Forum Moderators: phranque

Message Too Old, No Replies

410 Gone a directory and all it's content

how to set it up

         

Lorel

6:44 pm on Jun 11, 2016 (gmt 0)

WebmasterWorld Senior Member 10+ Year Member Top Contributors Of The Month



I need to 410 a directory and all it's content. I'm using the following but GWT is still indexing the pages within the directory

RewriteRule ^foldername(/.*)?$ - [G,NC]

I searched Google and Bing but can't find the answer.

wilderness

10:39 pm on Jun 11, 2016 (gmt 0)

WebmasterWorld Senior Member 10+ Year Member Top Contributors Of The Month



RewriteRule ^name/ - [G]

Regarding NC, not sure you wish to 410 a directory (other than your specific choice) with a different name (regardless of how it's spelled).

lucy24

11:28 pm on Jun 11, 2016 (gmt 0)

WebmasterWorld Senior Member 10+ Year Member Top Contributors Of The Month



As wilderness points out, part of your pattern is superfluous-- but the extra bit isn't harmful or counterproductive, just unnecessary. And I agree: if they're misspelling (that includes mis-casing) the name, they really don't deserve anything but the 404 they'd get anyway.

but GWT is still indexing the pages within the directory

How long has it been? A single 410 response won't instantly remove an URL from any search engine's index. If you want it de-indexed right away, use the URL Removal feaature of wmt/gsc. They will re-request URLs in the directory periodically, so make sure you never remove the [G]. My personal experience--ymmv--is that a 410 makes the Googlebot go away faster than a 404. It doesn't seem to have any effect on Bing. (Here I think Google is correct, since a 410 won't happen unless you did it on purpose.)

wilderness

11:57 pm on Jun 11, 2016 (gmt 0)

WebmasterWorld Senior Member 10+ Year Member Top Contributors Of The Month



GWT is still indexing the pages within the directory


I've some 410's the Major SE's been requesting for more than a decade.
You'd think they'd stop after getting the message a ka-zillion times.

lucy24

5:42 am on Jun 12, 2016 (gmt 0)

WebmasterWorld Senior Member 10+ Year Member Top Contributors Of The Month



You'd think they'd stop after getting the message a ka-zillion times.

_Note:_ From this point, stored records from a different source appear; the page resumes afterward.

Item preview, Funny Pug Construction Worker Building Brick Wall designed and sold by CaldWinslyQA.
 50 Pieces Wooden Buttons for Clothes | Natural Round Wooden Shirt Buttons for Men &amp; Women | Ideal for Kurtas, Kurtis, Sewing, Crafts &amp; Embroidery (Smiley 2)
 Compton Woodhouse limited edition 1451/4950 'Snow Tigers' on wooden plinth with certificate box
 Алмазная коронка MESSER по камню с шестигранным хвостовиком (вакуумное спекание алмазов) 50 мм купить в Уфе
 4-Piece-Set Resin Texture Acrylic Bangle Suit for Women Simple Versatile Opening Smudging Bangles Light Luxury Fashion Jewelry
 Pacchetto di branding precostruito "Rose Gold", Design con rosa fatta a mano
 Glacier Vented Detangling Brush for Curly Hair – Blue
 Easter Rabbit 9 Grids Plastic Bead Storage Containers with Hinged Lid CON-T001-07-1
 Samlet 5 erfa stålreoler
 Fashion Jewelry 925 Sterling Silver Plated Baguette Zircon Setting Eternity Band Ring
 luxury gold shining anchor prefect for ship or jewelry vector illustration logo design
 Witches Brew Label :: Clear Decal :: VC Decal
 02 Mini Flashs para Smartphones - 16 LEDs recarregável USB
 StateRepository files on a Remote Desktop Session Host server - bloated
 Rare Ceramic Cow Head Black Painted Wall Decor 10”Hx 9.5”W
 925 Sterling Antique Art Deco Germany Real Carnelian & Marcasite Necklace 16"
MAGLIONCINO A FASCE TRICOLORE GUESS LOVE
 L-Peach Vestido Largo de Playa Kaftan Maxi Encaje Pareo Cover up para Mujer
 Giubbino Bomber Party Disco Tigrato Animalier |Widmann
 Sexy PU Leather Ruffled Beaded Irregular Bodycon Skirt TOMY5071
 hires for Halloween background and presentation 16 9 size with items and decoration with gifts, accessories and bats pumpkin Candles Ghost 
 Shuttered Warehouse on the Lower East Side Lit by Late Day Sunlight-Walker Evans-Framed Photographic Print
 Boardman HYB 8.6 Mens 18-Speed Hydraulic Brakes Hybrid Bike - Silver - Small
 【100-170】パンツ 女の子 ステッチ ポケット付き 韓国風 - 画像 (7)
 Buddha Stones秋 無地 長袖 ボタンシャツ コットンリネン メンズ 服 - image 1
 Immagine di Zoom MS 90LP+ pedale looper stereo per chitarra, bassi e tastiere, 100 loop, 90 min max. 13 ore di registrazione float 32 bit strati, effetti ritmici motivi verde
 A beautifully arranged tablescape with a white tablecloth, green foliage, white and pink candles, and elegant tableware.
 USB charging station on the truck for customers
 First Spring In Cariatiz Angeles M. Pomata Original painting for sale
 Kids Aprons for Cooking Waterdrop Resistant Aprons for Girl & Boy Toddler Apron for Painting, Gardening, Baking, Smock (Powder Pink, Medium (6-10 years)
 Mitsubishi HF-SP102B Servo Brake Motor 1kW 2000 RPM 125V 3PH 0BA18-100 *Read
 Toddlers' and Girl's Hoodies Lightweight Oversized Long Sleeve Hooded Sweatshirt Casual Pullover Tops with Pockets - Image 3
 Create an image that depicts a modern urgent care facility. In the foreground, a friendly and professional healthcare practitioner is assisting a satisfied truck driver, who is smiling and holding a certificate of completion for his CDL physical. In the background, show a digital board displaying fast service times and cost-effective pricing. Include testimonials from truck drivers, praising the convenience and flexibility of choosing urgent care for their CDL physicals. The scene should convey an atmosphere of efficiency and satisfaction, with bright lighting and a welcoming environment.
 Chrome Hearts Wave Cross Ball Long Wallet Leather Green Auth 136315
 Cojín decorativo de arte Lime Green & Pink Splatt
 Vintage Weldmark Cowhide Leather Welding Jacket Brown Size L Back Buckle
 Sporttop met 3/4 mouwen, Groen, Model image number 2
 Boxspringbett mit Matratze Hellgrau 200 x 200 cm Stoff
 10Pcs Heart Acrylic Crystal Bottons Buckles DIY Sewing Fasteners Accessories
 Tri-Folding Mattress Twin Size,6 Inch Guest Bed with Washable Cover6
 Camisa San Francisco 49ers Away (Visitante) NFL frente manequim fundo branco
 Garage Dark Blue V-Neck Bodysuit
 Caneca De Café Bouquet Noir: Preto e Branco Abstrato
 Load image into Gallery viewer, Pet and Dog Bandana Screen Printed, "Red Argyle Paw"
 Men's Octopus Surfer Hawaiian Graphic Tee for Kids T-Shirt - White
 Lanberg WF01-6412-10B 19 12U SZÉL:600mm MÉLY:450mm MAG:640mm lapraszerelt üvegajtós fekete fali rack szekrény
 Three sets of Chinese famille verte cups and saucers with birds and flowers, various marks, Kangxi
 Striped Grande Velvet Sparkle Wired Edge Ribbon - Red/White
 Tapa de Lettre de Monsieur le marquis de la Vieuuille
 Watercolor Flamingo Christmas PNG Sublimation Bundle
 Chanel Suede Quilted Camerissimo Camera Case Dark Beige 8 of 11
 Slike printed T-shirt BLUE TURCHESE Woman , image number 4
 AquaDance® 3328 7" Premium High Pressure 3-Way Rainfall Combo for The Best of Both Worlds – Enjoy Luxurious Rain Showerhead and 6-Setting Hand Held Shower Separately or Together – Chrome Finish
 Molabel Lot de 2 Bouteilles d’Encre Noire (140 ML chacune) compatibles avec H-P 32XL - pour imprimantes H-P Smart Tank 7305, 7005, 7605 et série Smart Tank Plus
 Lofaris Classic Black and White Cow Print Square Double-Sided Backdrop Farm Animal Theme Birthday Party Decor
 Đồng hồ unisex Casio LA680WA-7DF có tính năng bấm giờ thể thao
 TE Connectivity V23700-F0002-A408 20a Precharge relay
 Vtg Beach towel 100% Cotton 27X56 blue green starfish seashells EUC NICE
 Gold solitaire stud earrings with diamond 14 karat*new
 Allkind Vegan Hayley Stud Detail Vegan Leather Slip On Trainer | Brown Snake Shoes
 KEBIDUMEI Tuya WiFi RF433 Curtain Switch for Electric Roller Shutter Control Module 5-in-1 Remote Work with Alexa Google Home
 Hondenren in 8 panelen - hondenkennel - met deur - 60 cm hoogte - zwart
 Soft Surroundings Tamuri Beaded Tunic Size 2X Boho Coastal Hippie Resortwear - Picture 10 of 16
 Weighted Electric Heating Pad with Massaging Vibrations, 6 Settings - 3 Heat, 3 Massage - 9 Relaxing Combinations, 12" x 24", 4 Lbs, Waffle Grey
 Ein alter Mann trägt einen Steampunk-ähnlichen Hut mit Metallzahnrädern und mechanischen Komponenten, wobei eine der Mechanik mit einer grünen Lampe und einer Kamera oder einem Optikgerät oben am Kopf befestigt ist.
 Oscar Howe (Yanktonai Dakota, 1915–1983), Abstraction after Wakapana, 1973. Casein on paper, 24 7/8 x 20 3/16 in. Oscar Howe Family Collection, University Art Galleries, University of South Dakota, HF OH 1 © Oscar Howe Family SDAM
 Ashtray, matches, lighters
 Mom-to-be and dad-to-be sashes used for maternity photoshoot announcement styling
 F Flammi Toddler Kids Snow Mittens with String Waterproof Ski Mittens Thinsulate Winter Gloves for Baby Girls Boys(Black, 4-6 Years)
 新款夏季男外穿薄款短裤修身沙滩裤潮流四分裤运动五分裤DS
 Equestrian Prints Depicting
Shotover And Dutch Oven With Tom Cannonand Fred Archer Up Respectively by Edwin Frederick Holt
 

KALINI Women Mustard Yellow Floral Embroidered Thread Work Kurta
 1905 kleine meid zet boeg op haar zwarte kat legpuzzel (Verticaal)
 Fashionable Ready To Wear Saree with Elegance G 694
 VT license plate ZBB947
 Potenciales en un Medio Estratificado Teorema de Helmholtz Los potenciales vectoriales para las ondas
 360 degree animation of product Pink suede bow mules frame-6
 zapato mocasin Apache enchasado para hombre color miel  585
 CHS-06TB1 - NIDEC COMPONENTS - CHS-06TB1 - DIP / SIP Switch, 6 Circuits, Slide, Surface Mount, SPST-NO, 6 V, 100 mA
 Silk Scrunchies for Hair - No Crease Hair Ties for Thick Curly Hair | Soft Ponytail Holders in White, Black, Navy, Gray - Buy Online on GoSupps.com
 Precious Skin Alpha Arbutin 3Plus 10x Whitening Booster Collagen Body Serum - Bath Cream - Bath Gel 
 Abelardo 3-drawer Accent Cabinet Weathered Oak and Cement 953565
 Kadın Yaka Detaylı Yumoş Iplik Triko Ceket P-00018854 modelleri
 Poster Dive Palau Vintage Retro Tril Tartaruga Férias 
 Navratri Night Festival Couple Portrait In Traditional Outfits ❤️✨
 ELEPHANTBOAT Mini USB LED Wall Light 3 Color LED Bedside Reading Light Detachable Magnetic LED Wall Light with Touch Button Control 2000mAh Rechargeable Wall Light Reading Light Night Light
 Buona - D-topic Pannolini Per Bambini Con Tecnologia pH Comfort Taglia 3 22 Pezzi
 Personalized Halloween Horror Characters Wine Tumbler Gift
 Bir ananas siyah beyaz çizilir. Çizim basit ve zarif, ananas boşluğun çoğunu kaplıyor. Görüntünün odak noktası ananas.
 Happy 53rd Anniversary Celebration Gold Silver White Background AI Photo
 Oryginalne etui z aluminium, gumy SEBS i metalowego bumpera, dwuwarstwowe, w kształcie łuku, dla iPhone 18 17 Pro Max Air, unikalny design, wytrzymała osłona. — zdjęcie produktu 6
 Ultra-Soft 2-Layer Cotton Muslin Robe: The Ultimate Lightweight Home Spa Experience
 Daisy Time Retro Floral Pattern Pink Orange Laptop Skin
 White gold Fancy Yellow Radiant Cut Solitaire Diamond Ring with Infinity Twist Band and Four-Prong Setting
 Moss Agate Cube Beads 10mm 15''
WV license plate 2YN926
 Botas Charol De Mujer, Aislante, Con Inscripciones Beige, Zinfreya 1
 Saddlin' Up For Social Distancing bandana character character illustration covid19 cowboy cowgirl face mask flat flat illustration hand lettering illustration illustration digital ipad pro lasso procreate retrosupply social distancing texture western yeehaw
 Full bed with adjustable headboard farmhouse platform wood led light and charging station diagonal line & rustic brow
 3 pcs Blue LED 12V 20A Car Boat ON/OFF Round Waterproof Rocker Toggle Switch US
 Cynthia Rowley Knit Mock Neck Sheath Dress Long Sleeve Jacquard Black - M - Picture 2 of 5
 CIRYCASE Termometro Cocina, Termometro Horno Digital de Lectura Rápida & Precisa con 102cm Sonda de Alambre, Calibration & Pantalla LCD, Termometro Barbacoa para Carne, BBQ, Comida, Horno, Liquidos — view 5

There's definitely a difference in behavior between bing and Google. By now, an overwhelming majority of the requests for URLs I moved at the end of 2013 are coming from bing*; Google picks up its 410 or 301 and eventually gets the message. I don't think it's necessarily that bing is slower on the uptake, though. It feels more as if they're tracking long-term behavior: "They say it's gone, but is it really?"


* About 3:1 bing:google, which obviously doesn't correspond to their respective overall crawl rates. Right at this instant it's mostly the dotbot requesting URLs they haven't seen in several years. But that's transitory.

tangor

8:24 am on Jun 12, 2016 (gmt 0)

WebmasterWorld Senior Member 10+ Year Member Top Contributors Of The Month



True comments and metrics much like I've seen over the last year. I don't know of a single bot/crawler yet that forgets a url, though most, after a time (unless they are evil bots!) get the message and let of for 9months to a year before starting over.

Andy Langton

8:43 am on Jun 12, 2016 (gmt 0)

WebmasterWorld Senior Member 10+ Year Member Top Contributors Of The Month



Just to check that "Fetch as Google" comes back with a 410 response for the URLs in question?

Lorel

3:48 pm on Jun 13, 2016 (gmt 0)

WebmasterWorld Senior Member 10+ Year Member Top Contributors Of The Month



@lucy24

As wilderness points out, part of your pattern is superfluous-- but the extra bit isn't harmful or counterproductive, just unnecessary. . . A single 410 response won't instantly remove an URL from any search engine's index.


Thanks. I thought that in order to 410 the contents of a directory that a simple 410 wouldn't be enough. I also didn't realize that a 410 wasn't instant and permanent (like a 301).

lucy24

10:02 pm on Jun 13, 2016 (gmt 0)

WebmasterWorld Senior Member 10+ Year Member Top Contributors Of The Month



Nothing is permanent. Search engines will keep re-requesting URLs periodically, no matter how often they've received a 300-class or 400-class response. "Sure it's been redirecting since 2009, but that's not to say it will redirect today." (This applies to humans too. A browser is supposed to remember a 301 response for a while, and make its requests accordingly, but it will not change or delete existing bookmarks.) Removing the directory in GWT/GSC-- and equivalent for any other search engines that are important to you-- won't make them stop crawling forever, but it will remove the relevant files from the search engine's index right away. And that, in turn, will cut back on humans landing splat on a 410 after following a promising search-engine lead.

Make sure you've got a good 410 page. Depending on the individual situation, you may or may not choose to use the same physical page as for 404s. But it has to be a separate ErrorDocument directive.